Although the material holds pictures, none belong in the copy; transcribe exactly, and only, the lines from the one with "bedroom with light" through the end.
********************
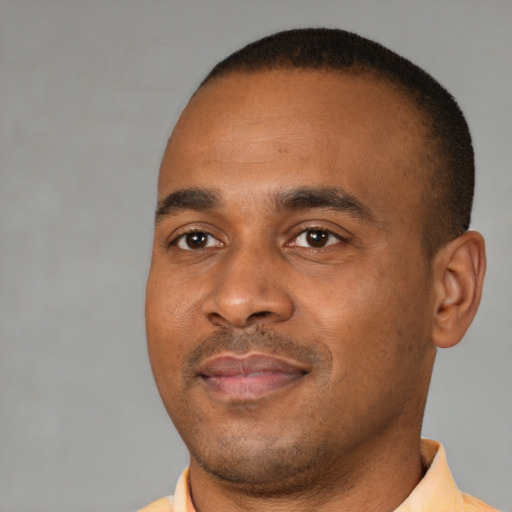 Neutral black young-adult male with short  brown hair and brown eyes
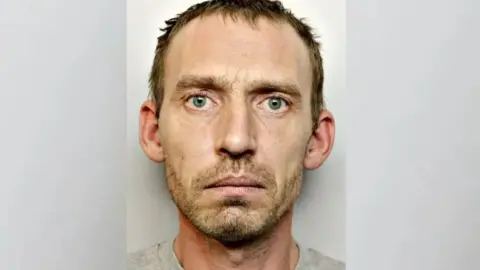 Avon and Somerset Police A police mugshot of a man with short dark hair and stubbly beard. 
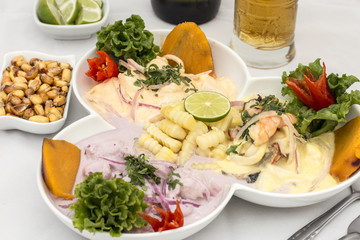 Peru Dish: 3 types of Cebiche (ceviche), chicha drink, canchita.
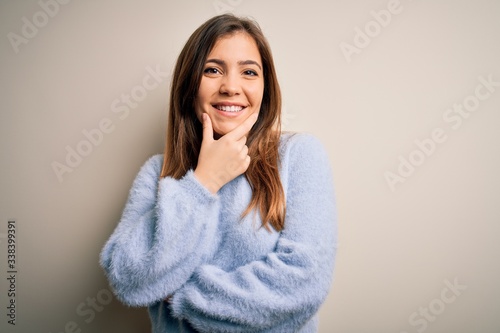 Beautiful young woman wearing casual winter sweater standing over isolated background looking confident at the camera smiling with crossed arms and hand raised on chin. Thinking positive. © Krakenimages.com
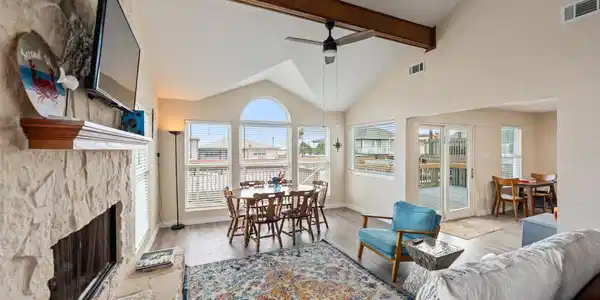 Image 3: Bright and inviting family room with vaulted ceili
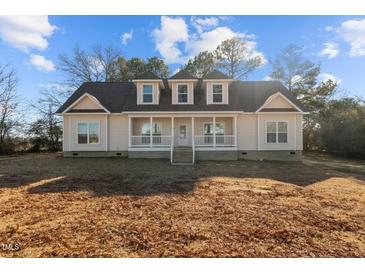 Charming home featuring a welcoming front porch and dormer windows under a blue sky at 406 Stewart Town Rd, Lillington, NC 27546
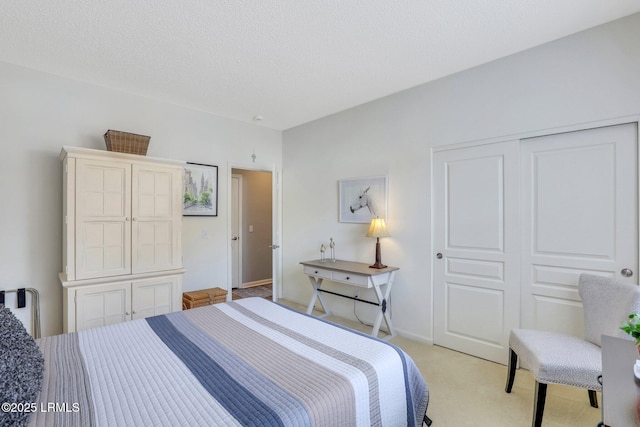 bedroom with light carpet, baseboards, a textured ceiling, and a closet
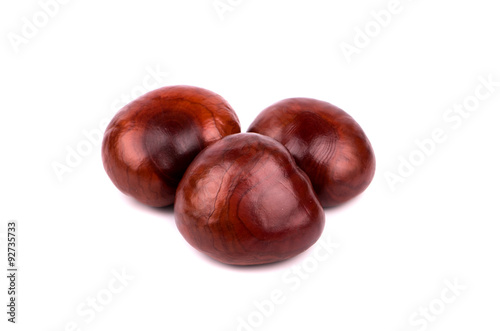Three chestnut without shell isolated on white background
********************
* **Answer section**:
 bedroom with light carpet, baseboards, a textured ceiling, and a closet
Three chestnut without shell isolated on white background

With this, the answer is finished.